At that point, when damn near everyone has tried to drop Sekelok, Artus Cimber’s polar bear leaps up and cleaves the yuan-ti right in the face, completely breaking its neck and twirling its head around backwards. They did it! They killed the big bastard!

But big bastards are aplenty down here in the palace.

Artus sees the deity beginning to take shape, so he casts sleet storm on the ground near it, freezing the area and slowing its manifestation.

Valour doesn’t want to leave without seeing what else Ras Nsi had on his person, so he downs a potion of jump and leaps onto the balcony that Ras Nsi died on, noticing that an odd circular symbol is on the ground behind his corpse. A teleporter, maybe? Without much time to think, Valour snatches up Ras Nsi's magical flame sword and turns around, only to see that Dendar has formed!

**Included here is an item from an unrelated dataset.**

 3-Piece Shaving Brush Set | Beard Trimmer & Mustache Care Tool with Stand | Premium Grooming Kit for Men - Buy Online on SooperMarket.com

The multi-headed snake deity, caked in blood and ice, roars from the corner of the shrine, its massive body dominating most of the room. Surely, running wouldn’t be a bad thing?



Well, if there’s one party member who doesn’t give a rat’s ass about evil deities, it’s Ezekiel. He literally looks like the goddamned devil. He charges across the fane, halberd raised, ominous and devilish incantations radiating out of his cursed weapon. He brings the pain down on Dendar, unloading spell slots to juice his damage up, then carves out 71 damage in one turn on the newly-formed deity.

Holy shit!


Even the Dungeon Master is having a "LET ME SEE THAT CHARACTER SHEET!" moment right now!


There may be a chance to vanquish this freak.

But Dragonbait fails a save and gets freaked the hell out and stays put.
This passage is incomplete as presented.